About Peeroskop

Topic and Goals of the Project

The objective of the Peeroskop project is the design and development of a system for the observational analysis of the Internet part’s relevant for Germany, as well as the proactive and reactive protection of the backbone routing. Core components of the project are mechanisms for information fusion and information classification based on passive and active measurements which discover vulnerabilities in the Internet peering beforehand and bypass emerging disruptions.

Point of Departure: Easily Attackable, Decentralized Internet Infrastructure

In many countries, the Internet is a critical communications infrastructure for almost every public and industrial organization as well as for substantial parts of the social life. At the same time, the core communication process, i.e. BGP routing, is widely unprotected against misconfiguration and malicious manipulation. The inherent complexity of the distributed BGP routing becomes apparent when errors by single participants lead to global disruptions. Incidents like the “hijacking” of the YouTube network traffic by Pakistan Telecom in early 2008 or the redirection of a major part of the US-american network traffic via China Telecom in April 2010 illustrate how small “anomalies” can implicate wide consequences for single actors as well as whole nations. The importance of the Internet makes it an increasingly attractive target for attacks. This is reflected in organized cyber-crime and cyber-war. Facing these challenges requires a structural understanding of the the dependencies and capabilities to prevent the propagation of anomalies.

Vulnerability of the Internet Infrastructure

The Internet is vulnerable on three levels: (a) the physical structure, e.g. by the breakdown of exchange points; (b) the logical structure, by redirecting network traffic through incorrect intermediate nodes; (c) by direct attacks on host systems. Traditionally, levels (a) and (c) are in the focus of security efforts. However, to implement the vision of completely secure IT systems, a thorough understanding and protection of the logical Internet infrastructure is needed. To this end, on the one hand, it is necessary to identify and classify the relevant Internet participants of a nation. On the other hand, robust and verifiable paths in the network need to be discovered and protection mechanisms must be provided. Peeroskop follows this approach by its observation and reaction system for the protection of the Internet infrastructure of a nation.

Objective: Analysis and Protection System for the Internet relevant for Germany

This joint research project focuses on two objectives:

  1. The identification and capturing of the current Internet structure that is relevevant for a country, including a preventative risk analysis. This results in a nation-centric mapping of the Internet as well as a peering oracle.
  2. The observation of the topological evolution and its temporal analysis, which results in a continuous detection of anomalies and the development bypass schemes in case of interruptions.

Subcomponents

Peeroskop intends to enable Internet Service Providers (ISPs) and Internet Exchange Points (IXPs) to critically evaluate transition points and establish other or additional peering relations before incidents occur. New views and structural analyses of the Internet backbone will show dependencies between nations and between business sectors with respect to routing, and will help to quantify their effects. Context-sensitive analyzers supported by intuitive visualizations permit the identification of critical systems and emerging anomalies. A sheet anchor concept on the level of autonomous systems shall mitigate long-lasting outages.
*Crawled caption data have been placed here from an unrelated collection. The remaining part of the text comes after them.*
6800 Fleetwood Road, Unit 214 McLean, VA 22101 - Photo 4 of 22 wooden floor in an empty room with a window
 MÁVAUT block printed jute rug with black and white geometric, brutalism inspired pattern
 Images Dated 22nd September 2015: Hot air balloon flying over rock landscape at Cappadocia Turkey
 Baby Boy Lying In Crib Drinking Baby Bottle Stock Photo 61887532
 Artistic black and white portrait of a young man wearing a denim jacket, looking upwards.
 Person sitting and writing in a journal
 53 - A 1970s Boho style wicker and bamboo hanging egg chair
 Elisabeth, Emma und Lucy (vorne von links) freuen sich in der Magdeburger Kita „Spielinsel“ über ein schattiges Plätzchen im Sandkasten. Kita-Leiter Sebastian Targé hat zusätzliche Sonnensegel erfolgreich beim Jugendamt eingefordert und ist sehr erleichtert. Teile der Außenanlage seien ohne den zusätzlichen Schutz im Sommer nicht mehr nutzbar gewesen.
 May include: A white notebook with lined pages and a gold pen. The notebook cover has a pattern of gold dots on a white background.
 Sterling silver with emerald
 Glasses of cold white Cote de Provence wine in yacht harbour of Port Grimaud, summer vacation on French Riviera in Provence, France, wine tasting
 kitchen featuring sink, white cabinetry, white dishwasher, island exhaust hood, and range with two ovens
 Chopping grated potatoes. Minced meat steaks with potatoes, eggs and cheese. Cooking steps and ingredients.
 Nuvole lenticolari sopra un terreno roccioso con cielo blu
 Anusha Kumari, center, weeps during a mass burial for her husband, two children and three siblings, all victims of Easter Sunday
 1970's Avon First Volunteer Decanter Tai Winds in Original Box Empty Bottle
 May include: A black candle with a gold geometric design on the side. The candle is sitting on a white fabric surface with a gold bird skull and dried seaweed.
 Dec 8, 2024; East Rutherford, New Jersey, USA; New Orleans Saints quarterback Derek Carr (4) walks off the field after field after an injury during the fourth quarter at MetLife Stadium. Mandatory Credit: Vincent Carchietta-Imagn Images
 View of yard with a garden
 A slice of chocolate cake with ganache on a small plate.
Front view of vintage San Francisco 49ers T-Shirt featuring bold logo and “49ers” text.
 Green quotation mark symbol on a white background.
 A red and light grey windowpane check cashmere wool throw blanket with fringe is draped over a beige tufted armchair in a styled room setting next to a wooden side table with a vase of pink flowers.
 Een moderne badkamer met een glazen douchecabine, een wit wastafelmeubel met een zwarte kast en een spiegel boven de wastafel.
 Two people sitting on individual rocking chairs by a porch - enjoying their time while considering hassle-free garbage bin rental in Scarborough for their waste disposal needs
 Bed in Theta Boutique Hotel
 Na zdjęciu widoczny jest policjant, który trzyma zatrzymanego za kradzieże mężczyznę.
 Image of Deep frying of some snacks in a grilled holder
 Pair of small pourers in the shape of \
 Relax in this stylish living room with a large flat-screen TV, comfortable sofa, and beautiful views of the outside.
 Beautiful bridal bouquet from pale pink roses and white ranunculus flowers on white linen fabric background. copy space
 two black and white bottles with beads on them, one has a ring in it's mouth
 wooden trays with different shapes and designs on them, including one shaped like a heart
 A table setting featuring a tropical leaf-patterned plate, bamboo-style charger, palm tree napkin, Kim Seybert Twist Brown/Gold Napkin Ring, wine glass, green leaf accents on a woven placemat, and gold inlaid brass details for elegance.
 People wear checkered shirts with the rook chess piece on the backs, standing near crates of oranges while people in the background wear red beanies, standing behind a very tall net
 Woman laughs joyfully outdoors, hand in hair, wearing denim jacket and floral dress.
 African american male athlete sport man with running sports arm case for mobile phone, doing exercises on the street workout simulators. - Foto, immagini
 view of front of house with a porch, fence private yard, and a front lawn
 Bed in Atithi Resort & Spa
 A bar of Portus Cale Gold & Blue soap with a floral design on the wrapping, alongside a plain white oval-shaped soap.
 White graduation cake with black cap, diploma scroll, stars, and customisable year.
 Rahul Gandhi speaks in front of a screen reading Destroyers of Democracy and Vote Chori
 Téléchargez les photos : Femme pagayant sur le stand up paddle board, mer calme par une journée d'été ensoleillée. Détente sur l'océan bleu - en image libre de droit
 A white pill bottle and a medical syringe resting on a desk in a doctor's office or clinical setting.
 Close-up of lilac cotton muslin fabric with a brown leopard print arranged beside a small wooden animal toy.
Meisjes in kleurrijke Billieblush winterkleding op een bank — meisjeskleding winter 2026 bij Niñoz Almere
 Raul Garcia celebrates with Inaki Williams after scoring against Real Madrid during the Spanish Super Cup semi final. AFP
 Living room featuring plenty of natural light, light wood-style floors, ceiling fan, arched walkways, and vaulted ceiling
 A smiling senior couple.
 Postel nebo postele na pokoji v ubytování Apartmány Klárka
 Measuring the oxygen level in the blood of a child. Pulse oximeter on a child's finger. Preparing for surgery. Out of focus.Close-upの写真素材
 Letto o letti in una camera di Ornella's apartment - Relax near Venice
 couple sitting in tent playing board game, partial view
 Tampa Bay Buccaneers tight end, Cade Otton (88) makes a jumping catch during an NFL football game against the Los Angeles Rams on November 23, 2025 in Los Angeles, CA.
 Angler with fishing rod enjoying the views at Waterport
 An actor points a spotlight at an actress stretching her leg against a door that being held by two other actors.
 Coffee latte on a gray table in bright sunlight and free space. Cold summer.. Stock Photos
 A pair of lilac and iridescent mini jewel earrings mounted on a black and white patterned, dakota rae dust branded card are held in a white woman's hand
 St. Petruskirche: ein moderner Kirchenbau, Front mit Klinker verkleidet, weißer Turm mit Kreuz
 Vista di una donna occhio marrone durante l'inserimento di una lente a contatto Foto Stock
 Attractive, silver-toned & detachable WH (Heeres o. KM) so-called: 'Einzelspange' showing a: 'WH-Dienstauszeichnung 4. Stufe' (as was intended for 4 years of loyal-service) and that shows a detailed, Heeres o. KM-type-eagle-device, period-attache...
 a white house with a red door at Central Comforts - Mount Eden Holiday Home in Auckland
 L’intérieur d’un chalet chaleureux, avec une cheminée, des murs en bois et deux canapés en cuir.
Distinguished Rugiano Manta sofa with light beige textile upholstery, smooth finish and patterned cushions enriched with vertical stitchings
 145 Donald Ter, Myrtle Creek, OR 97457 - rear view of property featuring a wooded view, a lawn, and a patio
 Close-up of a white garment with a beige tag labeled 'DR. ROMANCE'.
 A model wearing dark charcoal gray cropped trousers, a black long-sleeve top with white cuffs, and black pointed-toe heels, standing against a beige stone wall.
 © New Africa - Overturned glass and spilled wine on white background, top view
Towards a Proof of Concept

The objectives and solutions will be achieved in close cooperation with operators of the Internet infrastructure. The delevoped concepts will be demonstrated as a proof of concept for the “German” Internet. In a testbed that is distributed among Berlin, Hamburg, Frankfurt, and Munich, the controlled injection of errors between real autonomous systems will help to evaluate and refine the developed techniques.